Pictures aside, write out the data exactly as it reads.

(Data records Opens)

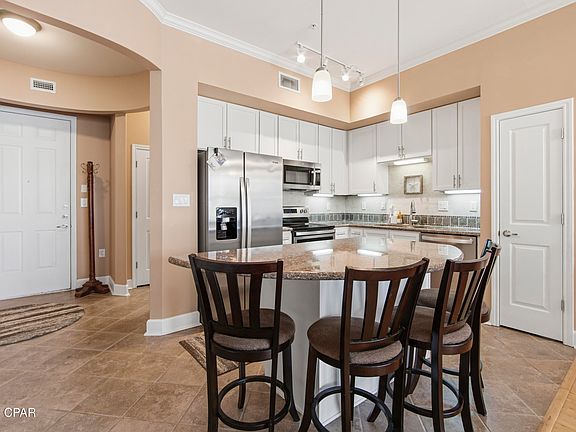 5th image of 8700 Front Beach Rd Unit 3308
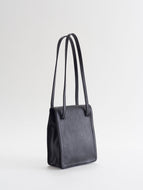 Alma Shoulder Bag - Black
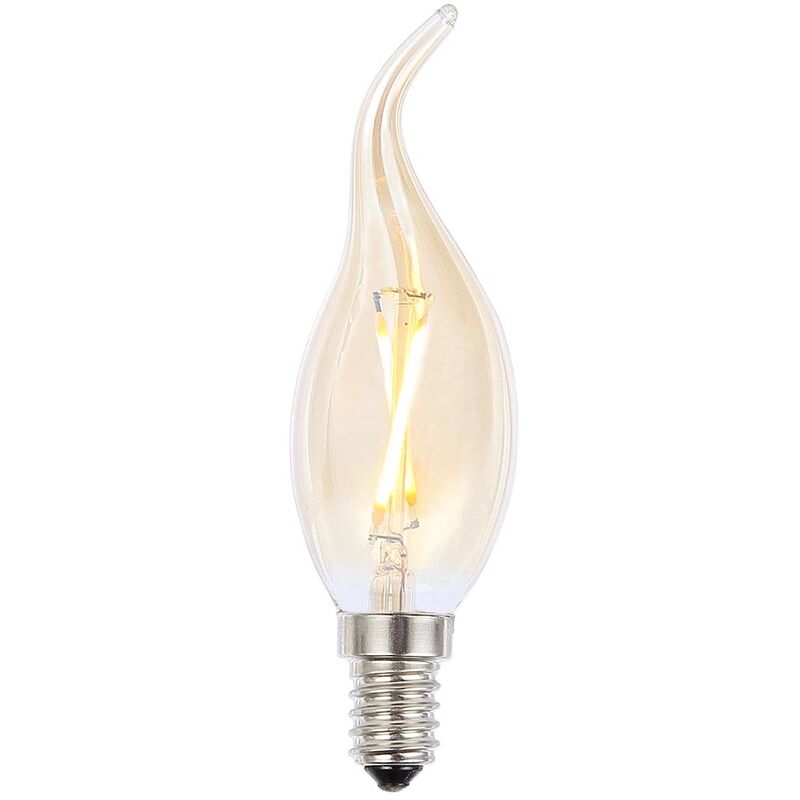Image of Litecraft - Light Bulb 2W E14&hellip;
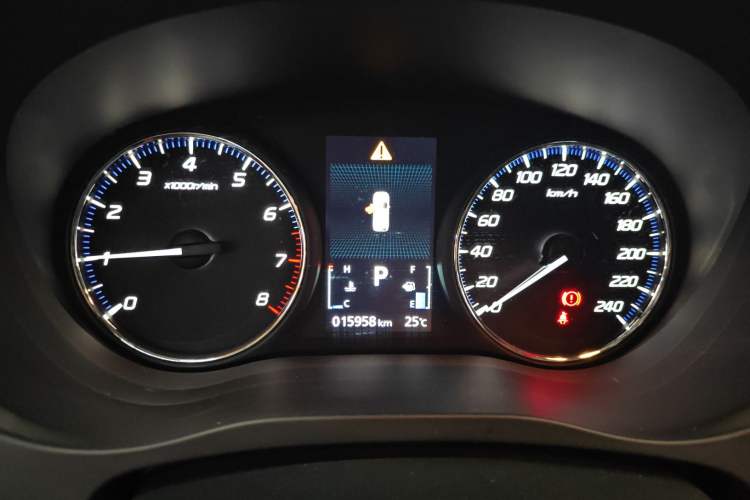 Used Mitsubishi Outlander 2020 2.0L Two-Wheel Drive Enjoyment Version 5 Seats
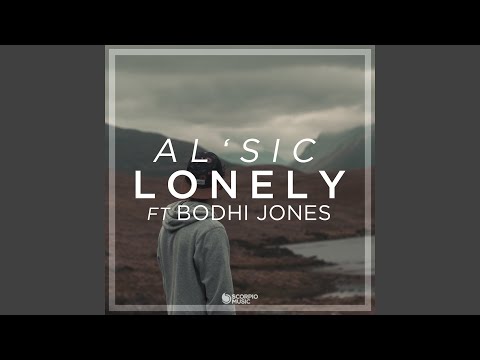 Lonely (feat. Bodhi Jones)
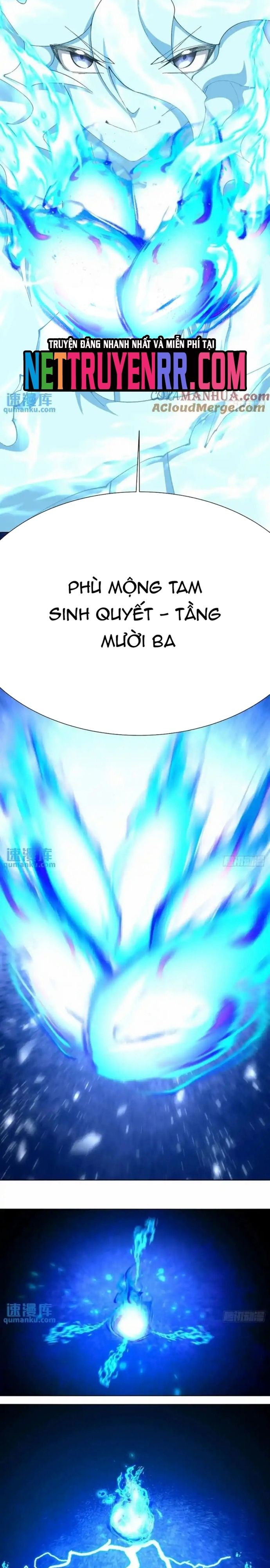 Ta Nhặt Được Thuộc Tính Tại Tu Chân Giới Chap 381 - Next Chap 382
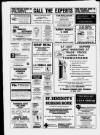 Cheddar Valley Gazette Thursday 01 January 1987 Page 29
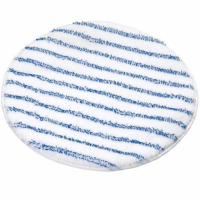 Ermop Mikrofiber Parlatma Pedi Soft Brite 43 Cm 5 Li Paket - 1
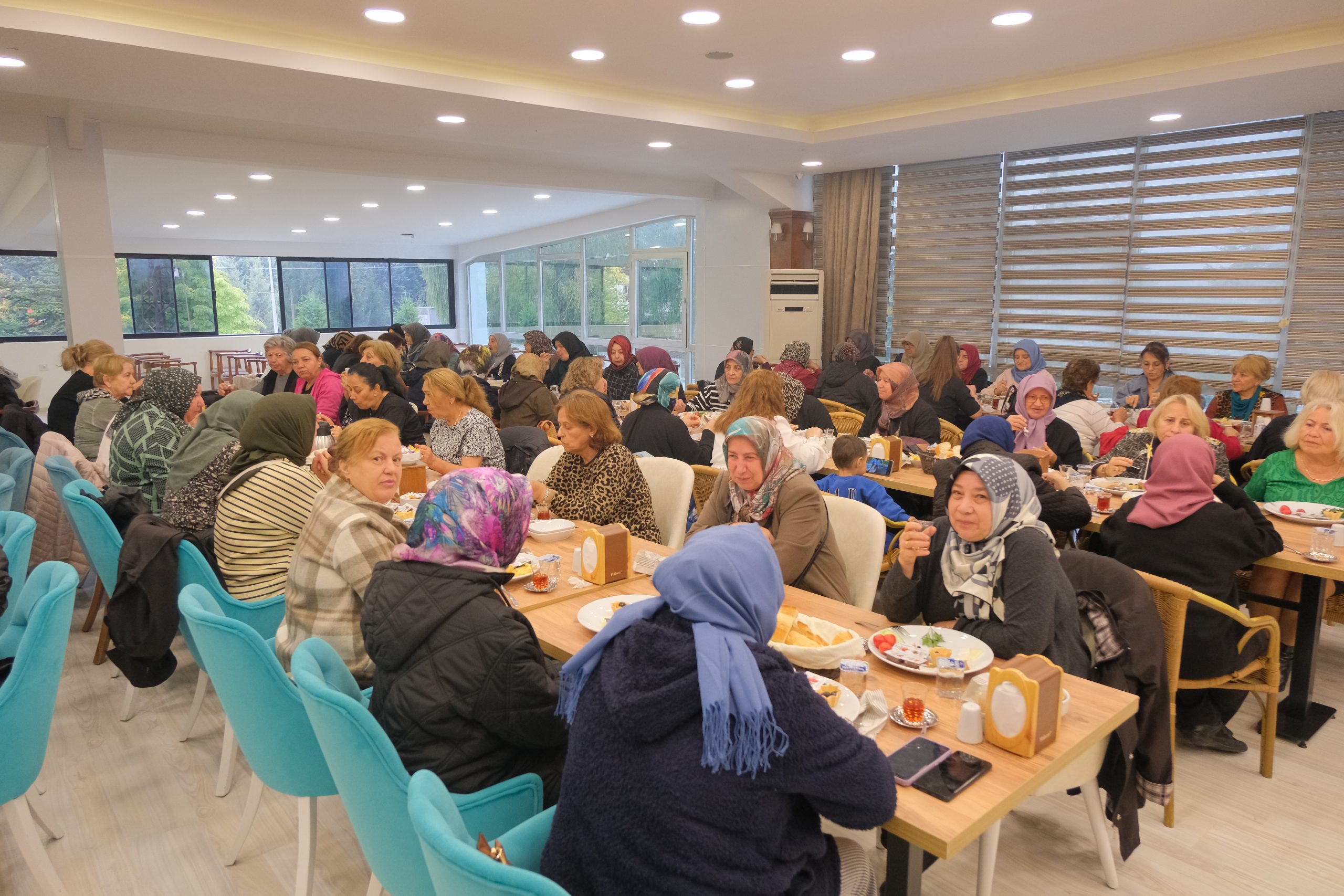 Mahalle Toplantisi (2)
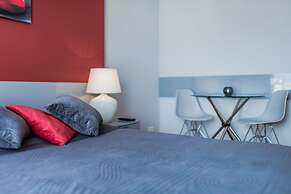 4Seasons Apartments Cracow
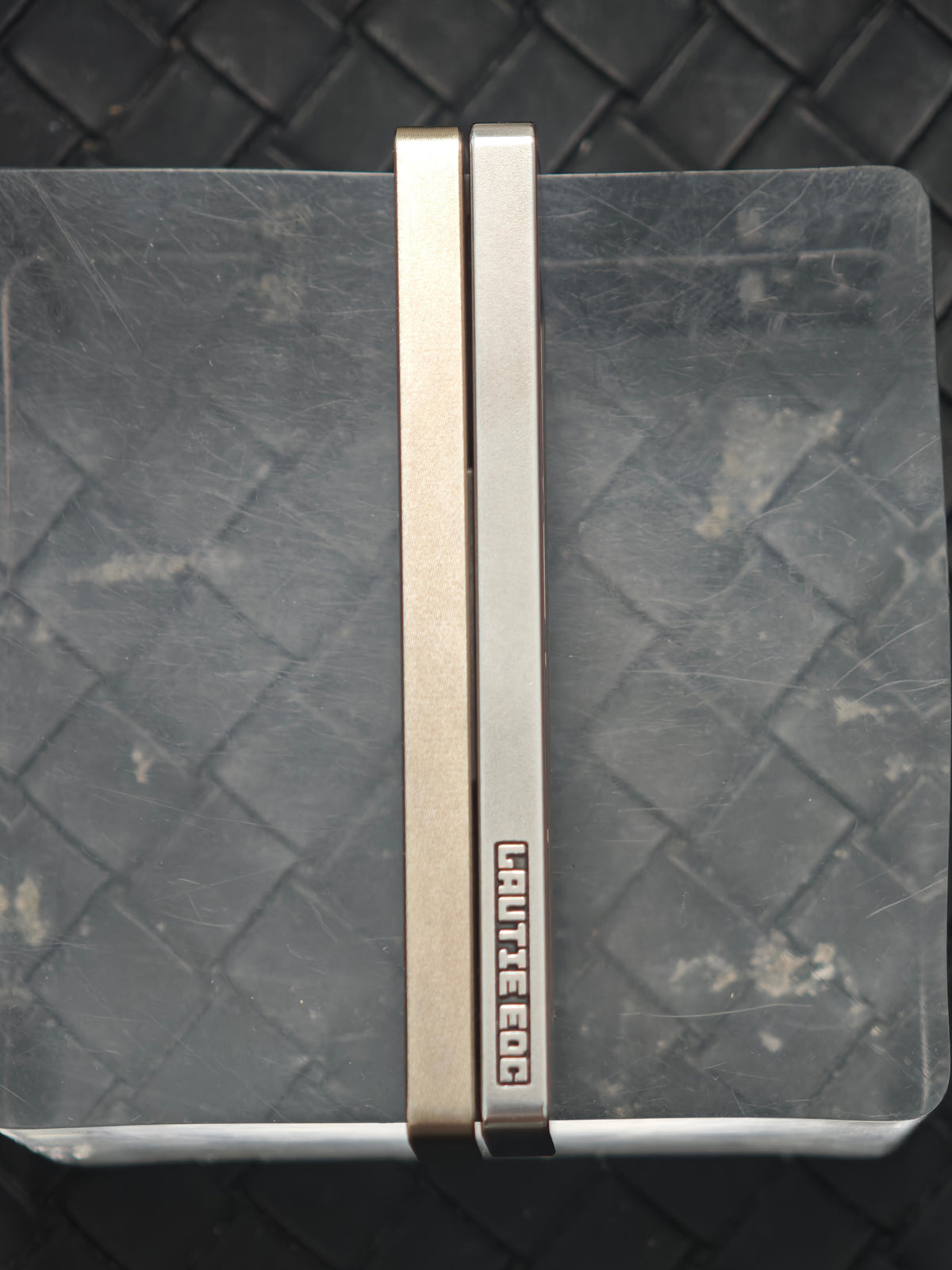 Choc Zirconium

(Data records Closes)

_Response for this exercise:_
 5th image of 8700 Front Beach Rd Unit 3308
 Alma Shoulder Bag - Black
Image of Litecraft - Light Bulb 2W E14&hellip;
 Used Mitsubishi Outlander 2020 2.0L Two-Wheel Drive Enjoyment Version 5 Seats
 Lonely (feat. Bodhi Jones)
 Ta Nhặt Được Thuộc Tính Tại Tu Chân Giới Chap 381 - Next Chap 382
 Cheddar Valley Gazette Thursday 01 January 1987 Page 29
 Ermop Mikrofiber Parlatma Pedi Soft Brite 43 Cm 5 Li Paket - 1
 Mahalle Toplantisi (2)
 4Seasons Apartments Cracow
 Choc Zirconium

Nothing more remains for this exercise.